悔しいよ。あの国では酷い事が隠蔽されている。」
人身売買につながる案件だ。なんの解決もなく、子供たちもお咎め無しだった。それは良かったが。
日本に馴染むには、本人たちの努力があった。
差別と偏見はついて回る。太郎は片親なだけで差別された。何か少しでも失敗するとそれを言われる。一々抗議してもキリがないので、しゃべるのをやめた。

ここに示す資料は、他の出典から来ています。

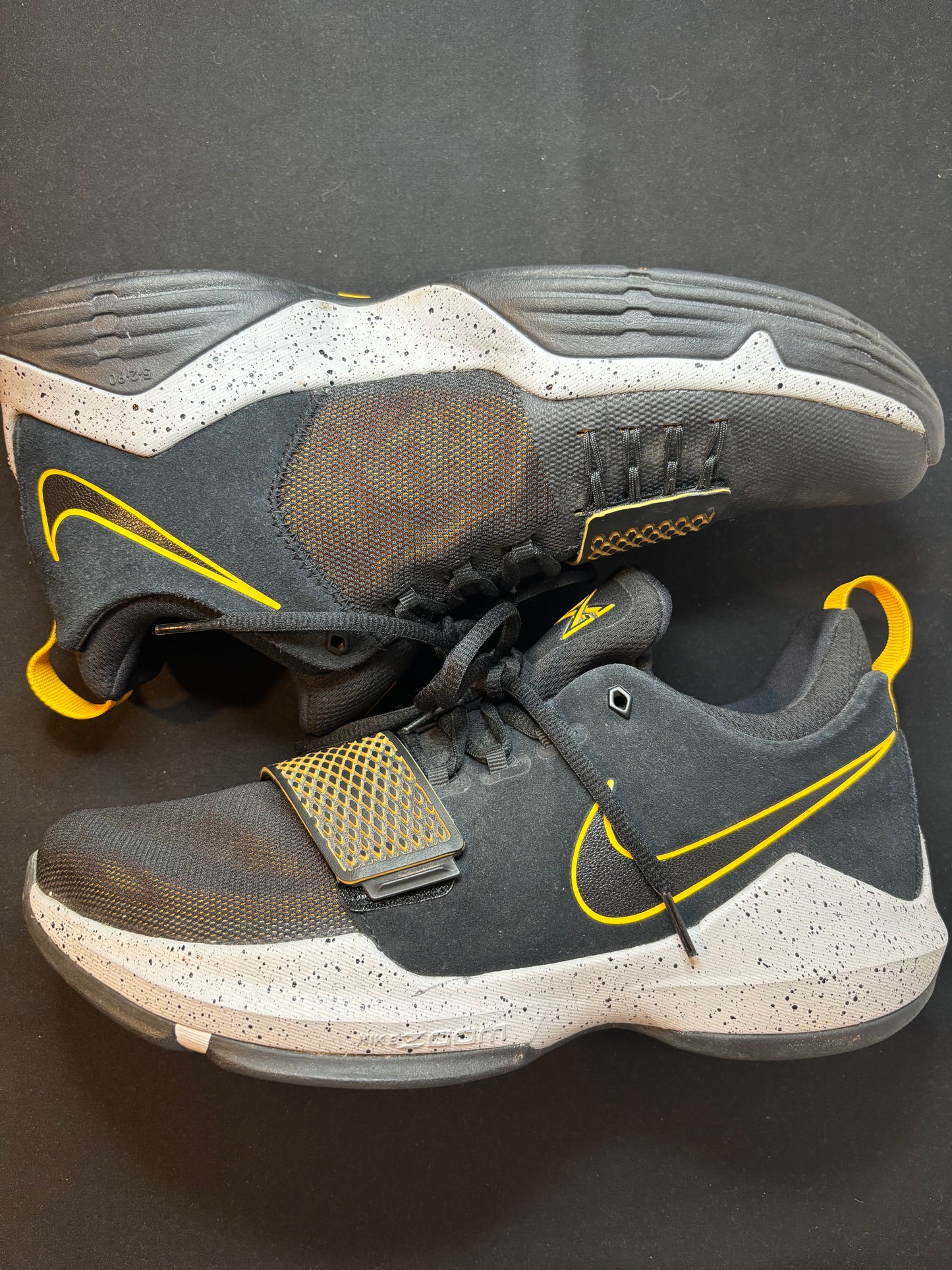 Nike PG 1 “University Gold”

太郎は中学生になった。背が伸びて、誰もが振り返る美少年だ。
部活は合気道がないので剣道部に入った。
「棒一本あれば勝てるんだ。
カッコいいだろ。」
周りの影響でケンカに勝つ方法ばかり考えていた。たまに顔を見る陸が煽るのだ。
不思議な縁、か。太郎は極道の陸に興味がある。美弦がピアノを弾いている店に、早い時間ついて行って、陸に会う機会があった。
「カッコいいな、あの人。
空手が強いんだって。」
美弦は太郎がヤクザに興味を持つのが気に入らない。心配だ。
『ジュネ』にはアレックスもいる。合気道の内弟子だったアレックスは、以前から知っていた。
「太郎、カッコよくなったね。
今13才か。あと5年したら店に出られるよ。」
「なんだよ、太郎にホストやらせんのかよ!」
美弦は太郎が店をうろついて、ヤクザと顔見知りになるのが嫌だった。
『ジュネ』には死ぬほど綺麗な男たちがたくさんいる。セクシーなウォーキングダンサーたちや、イケメンホストたち。
今,絶大な人気のメンズストリッパー、アレックス。男たちから目が離せない。
近所のジムに通って身体も一級品だ。
学校帰りに竹刀を入れたカバンを抱えて店に遊びに来る太郎は、男たちのアイドルだ。